The lines to reproduce run from the one containing "WOOOD Runa Eetkamerstoelen" through the final line of the entries; write them out exactly and add nothing.

Source data:
--------------------------------

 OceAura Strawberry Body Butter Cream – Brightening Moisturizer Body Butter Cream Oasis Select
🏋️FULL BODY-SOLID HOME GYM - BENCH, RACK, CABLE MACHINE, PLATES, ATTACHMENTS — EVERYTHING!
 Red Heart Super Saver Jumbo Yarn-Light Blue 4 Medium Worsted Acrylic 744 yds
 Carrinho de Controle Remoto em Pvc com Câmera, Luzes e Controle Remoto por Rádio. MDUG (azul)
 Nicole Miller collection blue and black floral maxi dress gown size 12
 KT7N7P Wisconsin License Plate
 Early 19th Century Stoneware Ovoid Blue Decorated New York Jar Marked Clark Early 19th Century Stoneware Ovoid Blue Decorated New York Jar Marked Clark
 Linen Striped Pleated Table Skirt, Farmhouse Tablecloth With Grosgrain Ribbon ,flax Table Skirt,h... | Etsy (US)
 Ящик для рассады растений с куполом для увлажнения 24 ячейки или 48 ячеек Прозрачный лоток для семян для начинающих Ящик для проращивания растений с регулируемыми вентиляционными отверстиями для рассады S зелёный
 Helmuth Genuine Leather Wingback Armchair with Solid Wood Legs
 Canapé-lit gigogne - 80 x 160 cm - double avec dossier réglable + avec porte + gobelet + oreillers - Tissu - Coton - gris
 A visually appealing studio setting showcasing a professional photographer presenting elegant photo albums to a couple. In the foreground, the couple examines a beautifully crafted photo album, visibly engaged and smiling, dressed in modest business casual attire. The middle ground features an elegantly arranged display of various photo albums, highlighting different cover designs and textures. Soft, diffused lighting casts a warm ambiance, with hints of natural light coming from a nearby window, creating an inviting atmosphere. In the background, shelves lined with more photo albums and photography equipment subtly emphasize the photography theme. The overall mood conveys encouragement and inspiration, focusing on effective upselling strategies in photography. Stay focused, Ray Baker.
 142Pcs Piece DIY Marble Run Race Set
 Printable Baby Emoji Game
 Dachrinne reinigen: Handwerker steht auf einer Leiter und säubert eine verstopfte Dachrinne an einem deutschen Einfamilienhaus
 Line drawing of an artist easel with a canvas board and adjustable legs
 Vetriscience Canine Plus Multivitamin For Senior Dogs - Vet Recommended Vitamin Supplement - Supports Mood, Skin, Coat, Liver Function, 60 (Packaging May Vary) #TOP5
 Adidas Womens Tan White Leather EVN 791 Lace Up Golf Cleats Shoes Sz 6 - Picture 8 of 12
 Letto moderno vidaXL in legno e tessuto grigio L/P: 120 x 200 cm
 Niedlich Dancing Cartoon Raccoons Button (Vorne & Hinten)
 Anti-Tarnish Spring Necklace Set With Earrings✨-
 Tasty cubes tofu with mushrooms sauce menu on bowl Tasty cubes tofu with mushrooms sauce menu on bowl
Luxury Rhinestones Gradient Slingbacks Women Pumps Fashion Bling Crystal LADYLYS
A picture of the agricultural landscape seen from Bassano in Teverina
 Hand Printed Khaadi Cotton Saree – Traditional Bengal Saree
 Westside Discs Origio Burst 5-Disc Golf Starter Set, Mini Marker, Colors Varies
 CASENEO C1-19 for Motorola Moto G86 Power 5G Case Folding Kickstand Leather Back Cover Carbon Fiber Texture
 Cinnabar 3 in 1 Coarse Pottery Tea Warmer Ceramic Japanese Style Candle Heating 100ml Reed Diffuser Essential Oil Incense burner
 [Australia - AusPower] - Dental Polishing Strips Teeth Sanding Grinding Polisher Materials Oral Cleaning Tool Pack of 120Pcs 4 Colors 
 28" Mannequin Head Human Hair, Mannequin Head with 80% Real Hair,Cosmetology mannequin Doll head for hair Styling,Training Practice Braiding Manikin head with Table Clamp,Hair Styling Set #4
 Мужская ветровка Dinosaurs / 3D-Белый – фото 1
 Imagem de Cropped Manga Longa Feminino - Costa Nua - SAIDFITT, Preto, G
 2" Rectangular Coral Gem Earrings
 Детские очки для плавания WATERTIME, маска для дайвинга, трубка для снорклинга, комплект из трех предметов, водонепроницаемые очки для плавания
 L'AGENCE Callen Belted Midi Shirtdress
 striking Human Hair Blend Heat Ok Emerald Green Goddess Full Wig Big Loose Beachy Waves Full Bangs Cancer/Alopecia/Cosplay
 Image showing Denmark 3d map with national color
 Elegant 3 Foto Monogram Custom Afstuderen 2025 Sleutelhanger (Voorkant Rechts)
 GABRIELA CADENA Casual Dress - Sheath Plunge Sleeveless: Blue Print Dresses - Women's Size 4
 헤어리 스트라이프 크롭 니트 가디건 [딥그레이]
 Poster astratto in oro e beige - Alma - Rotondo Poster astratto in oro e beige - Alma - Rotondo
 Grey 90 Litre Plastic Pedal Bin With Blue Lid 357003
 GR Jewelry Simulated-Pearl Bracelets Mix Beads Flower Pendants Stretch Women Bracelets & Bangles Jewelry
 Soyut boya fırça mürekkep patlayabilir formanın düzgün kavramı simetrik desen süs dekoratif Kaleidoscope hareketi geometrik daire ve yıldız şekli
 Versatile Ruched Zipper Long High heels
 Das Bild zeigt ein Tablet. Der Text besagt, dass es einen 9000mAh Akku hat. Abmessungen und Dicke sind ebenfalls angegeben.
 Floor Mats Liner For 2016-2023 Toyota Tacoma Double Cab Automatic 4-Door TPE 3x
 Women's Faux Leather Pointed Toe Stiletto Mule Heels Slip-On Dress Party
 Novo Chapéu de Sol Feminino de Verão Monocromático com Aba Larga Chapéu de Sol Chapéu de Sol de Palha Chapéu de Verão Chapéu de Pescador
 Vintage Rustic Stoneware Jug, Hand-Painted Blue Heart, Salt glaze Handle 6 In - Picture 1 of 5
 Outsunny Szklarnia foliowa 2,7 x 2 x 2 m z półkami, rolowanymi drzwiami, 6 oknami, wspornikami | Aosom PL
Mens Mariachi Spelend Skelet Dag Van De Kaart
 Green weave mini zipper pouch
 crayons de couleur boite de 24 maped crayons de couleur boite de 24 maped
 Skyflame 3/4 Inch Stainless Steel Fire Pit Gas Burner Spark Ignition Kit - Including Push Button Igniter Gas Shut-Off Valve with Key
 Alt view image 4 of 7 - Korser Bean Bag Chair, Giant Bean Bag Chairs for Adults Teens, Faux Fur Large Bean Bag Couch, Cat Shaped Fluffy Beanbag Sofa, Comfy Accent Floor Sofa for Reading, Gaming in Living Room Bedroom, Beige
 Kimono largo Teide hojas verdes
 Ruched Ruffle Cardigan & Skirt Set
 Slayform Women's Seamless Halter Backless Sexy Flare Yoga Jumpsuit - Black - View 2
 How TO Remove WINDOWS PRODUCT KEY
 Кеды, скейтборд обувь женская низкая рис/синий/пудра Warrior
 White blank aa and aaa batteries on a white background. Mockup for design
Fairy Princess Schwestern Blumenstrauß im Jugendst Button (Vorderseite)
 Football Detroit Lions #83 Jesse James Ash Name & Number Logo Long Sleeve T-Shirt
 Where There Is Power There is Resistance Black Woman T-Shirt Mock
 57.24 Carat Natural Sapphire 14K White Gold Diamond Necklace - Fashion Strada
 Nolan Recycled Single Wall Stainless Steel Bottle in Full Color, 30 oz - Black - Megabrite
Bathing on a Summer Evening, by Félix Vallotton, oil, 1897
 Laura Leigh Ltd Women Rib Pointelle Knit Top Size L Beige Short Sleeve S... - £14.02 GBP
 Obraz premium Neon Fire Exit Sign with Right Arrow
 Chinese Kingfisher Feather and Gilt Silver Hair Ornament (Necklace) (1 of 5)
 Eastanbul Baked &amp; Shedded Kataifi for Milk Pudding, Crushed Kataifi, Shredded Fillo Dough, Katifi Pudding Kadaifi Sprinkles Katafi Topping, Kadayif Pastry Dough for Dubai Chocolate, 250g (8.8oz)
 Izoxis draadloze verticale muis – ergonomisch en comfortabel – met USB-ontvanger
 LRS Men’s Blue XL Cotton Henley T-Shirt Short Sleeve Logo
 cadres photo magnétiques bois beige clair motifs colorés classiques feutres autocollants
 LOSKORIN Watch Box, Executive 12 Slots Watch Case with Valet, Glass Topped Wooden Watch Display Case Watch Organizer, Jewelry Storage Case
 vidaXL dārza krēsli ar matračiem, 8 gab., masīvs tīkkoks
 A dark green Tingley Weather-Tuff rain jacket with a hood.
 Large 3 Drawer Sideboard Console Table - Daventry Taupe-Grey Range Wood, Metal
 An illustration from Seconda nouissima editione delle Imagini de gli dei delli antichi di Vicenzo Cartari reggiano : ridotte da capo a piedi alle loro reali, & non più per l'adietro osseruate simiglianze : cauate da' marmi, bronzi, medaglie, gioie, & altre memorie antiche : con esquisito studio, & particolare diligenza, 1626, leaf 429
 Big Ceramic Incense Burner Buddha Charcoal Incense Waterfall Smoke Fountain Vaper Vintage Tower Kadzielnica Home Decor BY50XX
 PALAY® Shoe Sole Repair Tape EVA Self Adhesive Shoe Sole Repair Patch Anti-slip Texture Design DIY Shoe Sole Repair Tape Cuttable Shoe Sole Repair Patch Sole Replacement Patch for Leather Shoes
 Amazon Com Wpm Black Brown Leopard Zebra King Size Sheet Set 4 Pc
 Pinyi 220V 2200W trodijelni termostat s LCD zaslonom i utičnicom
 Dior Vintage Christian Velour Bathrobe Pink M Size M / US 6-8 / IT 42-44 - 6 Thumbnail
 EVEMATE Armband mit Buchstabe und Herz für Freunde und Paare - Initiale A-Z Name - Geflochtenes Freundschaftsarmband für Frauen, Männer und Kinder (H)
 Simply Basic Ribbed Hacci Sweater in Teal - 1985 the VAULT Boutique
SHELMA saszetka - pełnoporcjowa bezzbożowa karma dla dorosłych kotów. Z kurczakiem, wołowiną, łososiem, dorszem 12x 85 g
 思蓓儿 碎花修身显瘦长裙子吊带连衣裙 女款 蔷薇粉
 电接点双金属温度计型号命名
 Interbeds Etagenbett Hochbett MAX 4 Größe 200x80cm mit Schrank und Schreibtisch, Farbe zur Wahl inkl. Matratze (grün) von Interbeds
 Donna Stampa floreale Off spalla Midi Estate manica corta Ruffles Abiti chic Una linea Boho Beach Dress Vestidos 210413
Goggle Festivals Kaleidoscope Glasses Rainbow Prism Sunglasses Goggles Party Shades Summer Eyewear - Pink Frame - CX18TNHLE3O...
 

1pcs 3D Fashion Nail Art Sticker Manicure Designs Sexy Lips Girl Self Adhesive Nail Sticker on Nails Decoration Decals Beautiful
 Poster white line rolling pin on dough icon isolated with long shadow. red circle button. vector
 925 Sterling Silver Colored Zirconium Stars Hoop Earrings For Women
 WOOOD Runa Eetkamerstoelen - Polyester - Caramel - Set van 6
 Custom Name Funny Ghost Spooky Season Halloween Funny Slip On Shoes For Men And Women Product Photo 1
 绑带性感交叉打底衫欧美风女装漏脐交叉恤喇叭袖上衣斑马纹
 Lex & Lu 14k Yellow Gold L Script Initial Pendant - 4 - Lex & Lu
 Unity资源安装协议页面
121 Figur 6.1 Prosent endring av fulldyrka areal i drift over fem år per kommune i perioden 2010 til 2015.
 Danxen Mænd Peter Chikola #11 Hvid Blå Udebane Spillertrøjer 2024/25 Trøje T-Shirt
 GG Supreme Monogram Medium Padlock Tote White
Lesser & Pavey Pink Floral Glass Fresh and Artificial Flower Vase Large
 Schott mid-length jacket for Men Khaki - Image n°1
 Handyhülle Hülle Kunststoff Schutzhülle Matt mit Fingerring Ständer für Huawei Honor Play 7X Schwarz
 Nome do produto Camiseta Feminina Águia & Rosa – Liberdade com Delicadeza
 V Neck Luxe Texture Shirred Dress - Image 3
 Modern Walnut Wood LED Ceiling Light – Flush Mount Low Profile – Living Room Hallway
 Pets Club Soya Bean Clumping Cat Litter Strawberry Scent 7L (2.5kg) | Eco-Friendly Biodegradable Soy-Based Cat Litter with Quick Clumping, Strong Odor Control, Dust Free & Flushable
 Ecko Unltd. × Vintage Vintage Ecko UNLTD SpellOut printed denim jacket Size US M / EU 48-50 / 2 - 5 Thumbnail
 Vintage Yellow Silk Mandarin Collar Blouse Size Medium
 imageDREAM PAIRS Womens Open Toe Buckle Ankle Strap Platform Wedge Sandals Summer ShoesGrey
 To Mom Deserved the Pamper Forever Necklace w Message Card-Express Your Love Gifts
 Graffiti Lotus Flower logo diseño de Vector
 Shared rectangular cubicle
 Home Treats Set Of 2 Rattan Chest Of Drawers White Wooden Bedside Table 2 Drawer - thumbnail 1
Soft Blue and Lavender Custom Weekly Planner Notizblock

--------------------------------

◆ **EXERCISE OUTPUT**
 WOOOD Runa Eetkamerstoelen - Polyester - Caramel - Set van 6
 Custom Name Funny Ghost Spooky Season Halloween Funny Slip On Shoes For Men And Women Product Photo 1
 绑带性感交叉打底衫欧美风女装漏脐交叉恤喇叭袖上衣斑马纹
 Lex & Lu 14k Yellow Gold L Script Initial Pendant - 4 - Lex & Lu
 Unity资源安装协议页面
121 Figur 6.1 Prosent endring av fulldyrka areal i drift over fem år per kommune i perioden 2010 til 2015.
 Danxen Mænd Peter Chikola #11 Hvid Blå Udebane Spillertrøjer 2024/25 Trøje T-Shirt
 GG Supreme Monogram Medium Padlock Tote White
Lesser & Pavey Pink Floral Glass Fresh and Artificial Flower Vase Large
 Schott mid-length jacket for Men Khaki - Image n°1
 Handyhülle Hülle Kunststoff Schutzhülle Matt mit Fingerring Ständer für Huawei Honor Play 7X Schwarz
 Nome do produto Camiseta Feminina Águia & Rosa – Liberdade com Delicadeza
 V Neck Luxe Texture Shirred Dress - Image 3
 Modern Walnut Wood LED Ceiling Light – Flush Mount Low Profile – Living Room Hallway
 Pets Club Soya Bean Clumping Cat Litter Strawberry Scent 7L (2.5kg) | Eco-Friendly Biodegradable Soy-Based Cat Litter with Quick Clumping, Strong Odor Control, Dust Free & Flushable
 Ecko Unltd. × Vintage Vintage Ecko UNLTD SpellOut printed denim jacket Size US M / EU 48-50 / 2 - 5 Thumbnail
 Vintage Yellow Silk Mandarin Collar Blouse Size Medium
 imageDREAM PAIRS Womens Open Toe Buckle Ankle Strap Platform Wedge Sandals Summer ShoesGrey
 To Mom Deserved the Pamper Forever Necklace w Message Card-Express Your Love Gifts
 Graffiti Lotus Flower logo diseño de Vector
 Shared rectangular cubicle
 Home Treats Set Of 2 Rattan Chest Of Drawers White Wooden Bedside Table 2 Drawer - thumbnail 1
Soft Blue and Lavender Custom Weekly Planner Notizblock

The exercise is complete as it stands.